» Exercise instructions
The answer should be every line below, retyped exactly.

» Information provided
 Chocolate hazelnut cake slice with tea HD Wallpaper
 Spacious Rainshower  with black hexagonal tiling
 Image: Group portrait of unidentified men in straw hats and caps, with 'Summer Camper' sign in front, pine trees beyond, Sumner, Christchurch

» The completed task
 Chocolate hazelnut cake slice with tea HD Wallpaper
 Spacious Rainshower  with black hexagonal tiling
 Image: Group portrait of unidentified men in straw hats and caps, with 'Summer Camper' sign in front, pine trees beyond, Sumner, Christchurch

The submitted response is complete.